Security of future EHRs
The EHR of the future will be a combination of a citizen’s lifelong private and public health history and will be accessible at anytime and from anyplace via the internet or a mobile network.(2,6) Next-generation technology makes it possible to store this health history on a portable personal token that is connected to the internet. Future EHRs should also support dynamic access to its content. The patient should have the tools to control what data is accessed, when and for what purpose. This all requires security services that are not available today. In cases of dynamic access, the data requester should prove the doctor–patient relationship exists before any access is granted. This can be done by establishing a privilege management infrastructure, using identity distribution services, “care relationship credentials” and purpose- and context-based access control services.(7)
The EHR of the future will support care delivered across borders, which means it is possible that the communication partners will have different security policies. To enable trusted and secure cross-country access to EHRs, the access control service of the communication network should match partners’ security policies using the security policy bridging service.(8)

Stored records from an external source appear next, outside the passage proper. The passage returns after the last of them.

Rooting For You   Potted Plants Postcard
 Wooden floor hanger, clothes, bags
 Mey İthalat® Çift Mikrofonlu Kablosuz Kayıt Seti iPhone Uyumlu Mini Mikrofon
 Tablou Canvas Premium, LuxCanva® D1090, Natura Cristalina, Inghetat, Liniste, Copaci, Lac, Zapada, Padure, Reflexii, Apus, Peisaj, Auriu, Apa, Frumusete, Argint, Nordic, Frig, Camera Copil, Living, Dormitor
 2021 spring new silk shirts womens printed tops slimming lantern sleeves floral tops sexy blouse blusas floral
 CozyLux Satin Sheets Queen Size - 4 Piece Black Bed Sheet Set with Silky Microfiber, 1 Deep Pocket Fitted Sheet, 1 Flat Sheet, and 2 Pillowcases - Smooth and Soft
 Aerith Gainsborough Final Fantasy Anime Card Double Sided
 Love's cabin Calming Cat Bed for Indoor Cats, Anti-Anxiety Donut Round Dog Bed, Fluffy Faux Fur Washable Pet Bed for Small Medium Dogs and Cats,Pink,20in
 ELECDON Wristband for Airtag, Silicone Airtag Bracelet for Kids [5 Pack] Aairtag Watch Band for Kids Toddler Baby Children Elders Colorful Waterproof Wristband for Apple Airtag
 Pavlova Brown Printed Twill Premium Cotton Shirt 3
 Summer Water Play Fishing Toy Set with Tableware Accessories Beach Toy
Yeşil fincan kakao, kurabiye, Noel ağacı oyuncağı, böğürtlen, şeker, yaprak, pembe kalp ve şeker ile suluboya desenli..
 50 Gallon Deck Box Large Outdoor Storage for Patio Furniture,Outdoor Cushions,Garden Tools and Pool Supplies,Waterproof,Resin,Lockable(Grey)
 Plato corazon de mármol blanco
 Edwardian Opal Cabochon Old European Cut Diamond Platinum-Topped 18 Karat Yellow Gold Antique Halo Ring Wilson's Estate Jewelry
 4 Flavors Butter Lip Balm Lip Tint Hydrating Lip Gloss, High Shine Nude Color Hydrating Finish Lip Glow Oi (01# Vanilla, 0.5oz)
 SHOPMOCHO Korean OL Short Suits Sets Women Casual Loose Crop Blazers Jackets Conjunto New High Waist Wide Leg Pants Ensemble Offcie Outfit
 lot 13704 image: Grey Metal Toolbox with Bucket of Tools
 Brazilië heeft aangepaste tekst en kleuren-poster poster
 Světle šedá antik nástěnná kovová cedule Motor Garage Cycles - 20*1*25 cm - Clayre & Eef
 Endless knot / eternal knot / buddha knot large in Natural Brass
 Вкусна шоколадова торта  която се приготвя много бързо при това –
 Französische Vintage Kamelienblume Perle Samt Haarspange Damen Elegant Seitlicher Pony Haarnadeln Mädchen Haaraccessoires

The collection, storage and communication of a large range of personal health data presents a major security dilemma.(4) In a networked, integrated EHR environment, security risks should be carefully analysed. A trusted EHR network should be built on ethical principles, legislation and security policy and use international standards. Nevertheless, we have to remember that technical solutions can only prevent some misuse and that users remain the greatest threat to security.
- Stein LD. The electronic medical record, promises and threats. World Wide Web J 1997;2:217-9.
- Ruotsalainen P, Pohjonen H. European Security Framework for Healthcare. Stud Health Technol Inform 2003;96:128-34.
- Ruotsalainen P.Security requirements in EHR systems and archives. Stud Health Technol Inform 2004;103:453-8.
- Anderson J. Security of the distributed electronic patient record: a case-based approach to identifying policy issues. Int J Med Inform 2000;60:111-8.
- ISO.Health informatics security management in health using ISO/IEC 17799, ISO/TC 215/WG4, document N410, 11-02-2005.
- Ruotsalainen P. A cross-platform model for secure electronic health record communication. Int J Med Inform 2004;73:291-5.
- International Telecommunication Union. Security in telecommunications and information technology. Available from: www.itu.int/itudoc/itu-t/86435.html
- Blobel B. Analysis, design and implementation of secure and interoperable distributed information systems. Stud Health Technol Inform 2002;89:1-329.